Je vais vous parler d’un cas exceptionnel de coopération franco suédoise, montrant comment les autorités locales nordiques ont inspiré leurs homologues françaises dans l’action.
D’abord un coup d’œil rétrospectif.
La Suède avant 1986 :
Il n’y avait que très peu de concurrence entre les banques pour les crédits aux collectivités locales. Les marges élevées ne pouvaient en aucun cas être justifiées par la situation financière des villes suédoises. En plus, c’était l’époque où les collectivités locales commençaient à ressentir la pression pour réduire leurs coûts tout en maintenant des niveaux significatifs d’investissements dans les infrastructures publiques.
La France avant 2013 :
Les collectivités locales françaises avaient expérimenté une longue période de rétrécissement du crédit, en particulier après les crises financières de 2008-09. En plus, c’était une époque où les investissements dans les infrastructures publiques locales françaises comptaient déjà pour plus de 70 pour cent du total des investissements publics du pays.
Dans les deux cas, les autorités locales se sont réunies et ont discuté ce qu’il fallait faire. La situation était grave, à la fois pour la croissance locale et nationale. Le résultat de ces discussions fut: Unissons-nous! Travaillons ensemble!
Dans le cas de la Suède, l’agence de financement des collectivités locales, Kommuninvest, fut formée en 1986. Immédiatement nous avons réussi à réduire les marges des crédits municipaux par plus de 2 points de pourcentage. Aujourd’hui, plus de 90 pour cent de toutes les autorités locales sont membres de Kommuninvest. Et, l’agence s’est vue attribuer la meilleure notation de S&P et Moody’s. Kommuninvest a, dans un marché libre, sauvé des milliards de couronnes pour les collectivités locales suédoises.

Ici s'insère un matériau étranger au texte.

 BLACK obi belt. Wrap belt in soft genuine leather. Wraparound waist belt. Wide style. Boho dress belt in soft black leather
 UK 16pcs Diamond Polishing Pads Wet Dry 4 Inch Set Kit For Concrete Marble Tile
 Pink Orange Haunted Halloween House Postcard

Lorsqu’on constata le besoin de restructurer les moyens de financement des collectivités locales françaises, je fus honoré d’être parmi les conseillers et d’avoir été en mesure de montrer comment nous, en Suède, avions surmonté les défis dans la création, la gouvernance et la gestion de l’agence. Cela fut, bien entendu, ensuite adapté à l’environnement juridique et politique français. Ce processus là conduisit à la création de l’Agence France Locale en 2013. Aujourd’hui, près de 200 collectivités locales en sont les propriétaires. Parmi eux se trouvent presque toutes les grandes villes et agglomérations françaises. L’adhésion est en constante augmentation.
à l’avenir …
Quels sont les défis des collectivités locales et quelles sont les possibilités des agences de financement de faire partie de leur solution ?
Le titre de cette table ronde est « Vers une ville plus verte, durable et inclusive », ce qui bien sûr se réfère à la question du changement climatique. Mais il réfère également à un développement durable social, y compris l’intégration des migrants et la lutte contre la fracture sociale qui existe déjà en France et en Suède.

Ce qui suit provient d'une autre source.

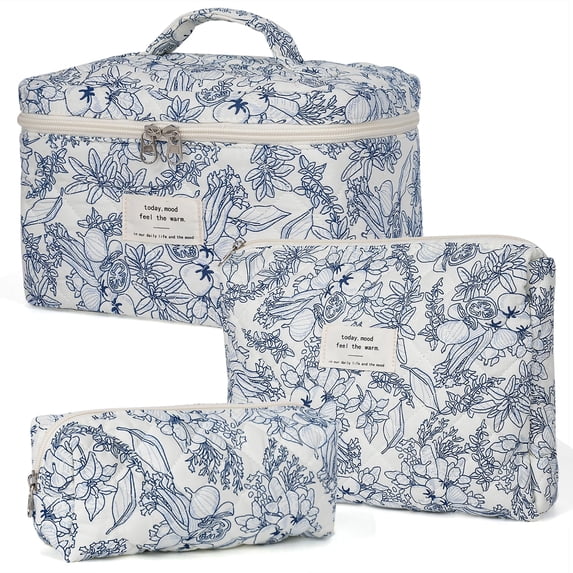 Soda Candy Makeup Bag Large Quilted Cosmetic Bag Floral Make up Bag for Women Cute Cotton Makeup Bag Set Travel Toiletry Organizer Bag, Blue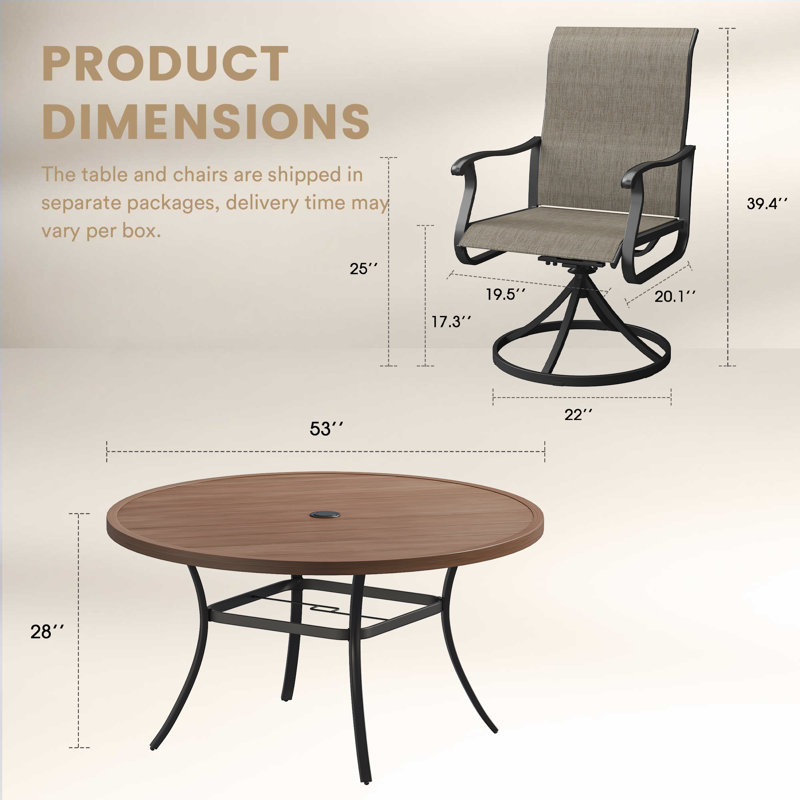 6-Person Outdoor Patio Dining Set With Swivel Chair, Walnut/Brown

Une condition préalable à la lutte contre les défis de l’avenir c’est la croissance économique. De plus en plus, nous nous rendons compte que l’austérité n’est pas la bonne route vers plus d’activités économiques. De plus en plus les investissements dans l’infrastructure sont d’une importance cruciale. En France et en Suède, bien plus de 50 pour cent de ces investissements publics sont effectués par des collectivités locales. Cela signifie, selon moi, que les investissements locaux réalisés par les collectivités locales ne peuvent pas être exclus du débat sur la façon d’augmenter la croissance nécessaire.
Ces investissements, sont précisément ceux qui sont financés par l’Agence France Locale et Kommuninvest. Par conséquent, il est très important que les collectivités locales aient les meilleures conditions possibles pour coopérer au sein de ces entités. Les agences ne sont pas des banques comme les autres, elles sont d’abord des outils pour les collectivités locales et également pour l’État central.
Il n’est pas difficile d’arriver à la conclusion que la coopération est le seul moyen de relever les défis de l’avenir. Les agences des collectivités locales, comme Kommuninvest et l’Agence France Locale, peuvent jouer un rôle important, dans des conditions appropriées. Cela peut aussi inciter à d’autres projets de coopération, ce qui est crucial pour le développement de notre société.
Ladies and Gentlemen,
”Cities are where the battle for sustainable development will be won – or lost if we fail”. I would like to begin by quoting these words of the UN Deputy Secretary General Jan Eliasson. They depict the appropriate framework for providing local authorities – including municipalities – with the necessary tools to win this battle.
I will speak about an exceptional case of Swedish/French cooperation, and about how the Nordic local authorities ended up inspiring their French peers to action.
First, a look back in time…
Sweden before 1986:
There was hardly any competition between banks for local authority credits. The high margins could not by any means be justified by the financial situation in Swedish towns and cities. And this at a time when local authorities began feeling the pressure to reduce costs while still maintaining the levels of infrastructure investments.
France before 2013:
The French local authorities had experiences a long period of credit crunch, especially after the financial crises in 2008-09. And this was at a time when French local authorities’ infrastructure investments counted for more then 70 percent of total French public investments.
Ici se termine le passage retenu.